The US Securities and Exchange Commission (SEC) recently ruled against Amazon’s no action motion to exclude the resolution. As You Sow CEO Andrew Behar said: “We believe most employees have no idea that their hard-earned savings are being invested in companies, essentially destroying their ability to retire on a liveable planet.”

The SEC also ruled that an As You Show shareholder proposal asking insurance company Travelers to address its Scope 3 financed emissions could move forward to a vote at the company’s AGM in May, following a similar decision to allow a climate proposal at fellow insurer Chubb.

View from the SEC

Addressing investors at a briefing organised by non-profit Ceres this week, SEC Chair Gary Gensler said investors representing “tens of trillions of dollars” support climate-related disclosures, “because they recognise that climate risks can pose significant financial risks to companies”. Investors need reliable information about climate risks to make informed investment decisions, he added.

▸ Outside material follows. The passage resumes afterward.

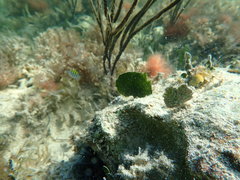 Udotea flabellum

In March, the SEC released its draft on climate-related financial disclosure which will ask companies to disclose the material impacts of climate-related risks on their business operations in their registration statements and periodic reports. Companies will be expected to disclose Scope 3 emissions only for those which are considered material.

Gensler told investors that “climate disclosures are already happening”, while investors are “already making investment and voting decisions using information about climate risk”. Many of the existing disclosures by US companies build on the recommendations of the Task Force on Climate-related Financial Disclosures (TCFD) and the Greenhouse Gas Protocol, both referenced by the proposed SEC rule.